J J Carrique-Mas 1, I Hökeberg 1, Y Andersson 1, M Arneborn 1, W Tham 1, M L Danielsson-Tham 1, B Osterman 1, M Leffler 1, M Steen 1, E Eriksson 1, G Hedin 1, J Giesecke 1
PMCID: PMC2869941  PMID: 12613748

Abstract

An outbreak of febrile gastroenteritis affected consumers of on-farm manufactured dairy products from a summer farm in Sweden. Symptoms included diarrhoea, fever, stomach cramps and vomiting in 88, 60, 54 and 21% of cases identified. The median incubation period was 31 h. A cohort study with 33 consumers showed an attack rate of 52% and an association between the total amount of product eaten and illness (P=0.07).

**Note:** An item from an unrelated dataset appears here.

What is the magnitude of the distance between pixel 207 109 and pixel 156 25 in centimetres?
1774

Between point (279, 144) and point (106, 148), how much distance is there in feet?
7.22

Twenty-seven of 32 (84%) stool samples cultured for Listeria monocytogenes tested positive, although there was no association between clinical disease and the isolation of L. monocytogenes. In addition, gene sequences for VTEC and ETEC were detected in 6 and 1 subjects, respectively. Bacteriological analysis of cheese samples revealed heavy contamination with L. monocytogenes and coagulase positive staphylococci in all of them and gene markers for VTEC in one of them. Molecular profiles for L. monocytogenes isolated from dairy products, stool samples and an abscess from 1 patient who developed septic arthritis were identical. Results of both microbiological and epidemiological analyses point to L. monocytogenes as the most likely cause of this outbreak. The finding of markers for VTEC in some humans and cheese samples means that a mixed aetiology at least in some cases cannot be conclusively ruled out.